═══ SOURCE MATERIAL ═══

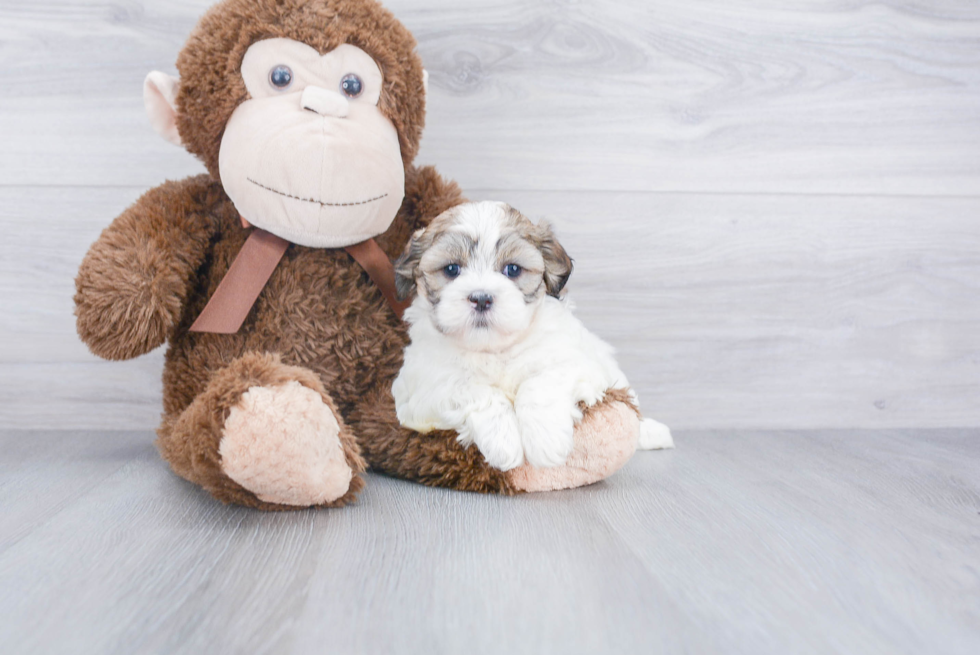 Energetic Shichon Designer Puppy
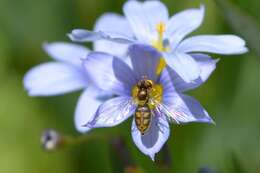 Image of western blue-eyed grass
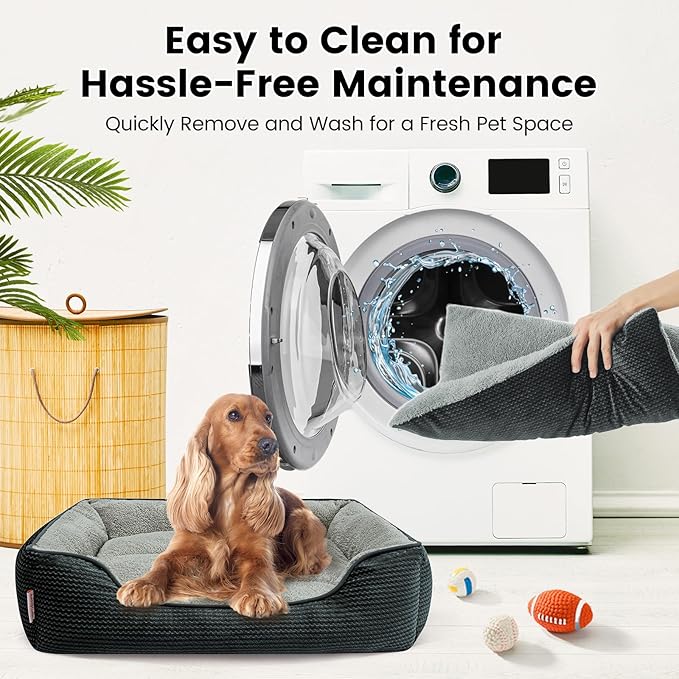 Miguel Washable Cat Beds for Indoor Cats with Removable Cushion/Pillow, Easy to Wash Small Dog Bed with Side, Large Rectangle Kitten Bed Cuddle Puppy Bed with Anti-Slip Bottom, Dark Gray 20 Inch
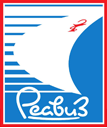 компания РЕАВИЗ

═══

[TASK ITEM]
Word for word, restate all of the data, but do not copy the pictures.

[TASK ANSWER]
 Energetic Shichon Designer Puppy
 Image of western blue-eyed grass
 Miguel Washable Cat Beds for Indoor Cats with Removable Cushion/Pillow, Easy to Wash Small Dog Bed with Side, Large Rectangle Kitten Bed Cuddle Puppy Bed with Anti-Slip Bottom, Dark Gray 20 Inch
 компания РЕАВИЗ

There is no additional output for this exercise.